Status: Enabled for 100% of premium users
No code deployment needed. Premium users get verbose logs; Basic users don't see any performance impact.
More sophisticated targeting:
# Enable tracing for specific user
is_enabled('tracing', context={'user_id': 12345}) # True only for user 12345
# Enable tracing for percentage of requests
is_enabled('tracing', context={'rollout_percentage': 5}) # 5% of requests
# Enable tracing for specific conditions
is_enabled('tracing', context={
'user_tier': 'premium',
'request_path': '/checkout',
'time_hour': datetime.now().hour # Only during business hours
})
Performance Impact Mitigation
Feature flags add some overhead.

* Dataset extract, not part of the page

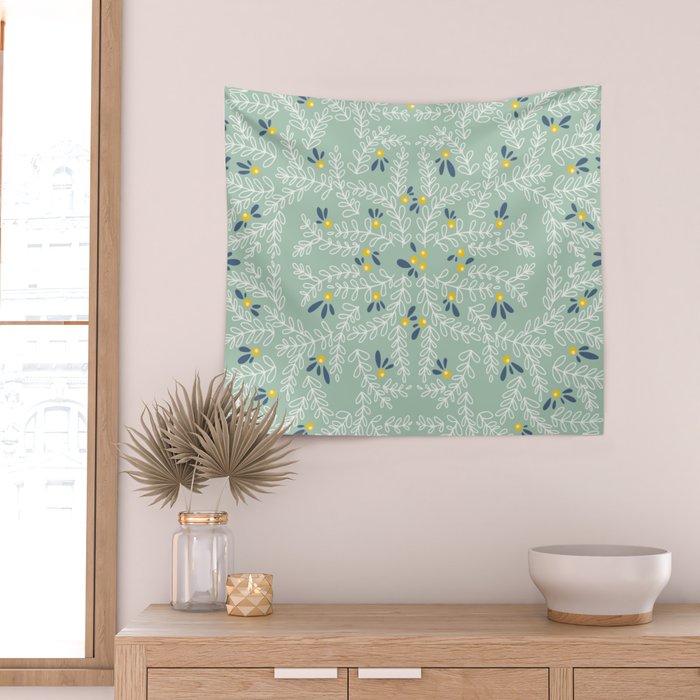 Wonderful holiday joy twigs mint Wall Tapestry Gallery Image 2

Here's how to minimize it:
Pattern 1: Check once per request
@app.middleware("http")
async def tracing_middleware(request, call_next):
# Check feature flag once at request start
request.state.verbose_tracing = is_enabled(
'detailed-tracing',
context={'user_id': request.user.id if request.user else None}
)
response = await call_next(request)
return response
@app.post("/checkout")
def checkout(request):
if request.state.verbose_tracing:
logger.debug("Checkout initiated")
# ... rest of code
Pattern 2: Lazy evaluation
from contextlib import contextmanager
@contextmanager
def traced_operation(request, operation_name):
"""Only compute tracing data if tracing is enabled."""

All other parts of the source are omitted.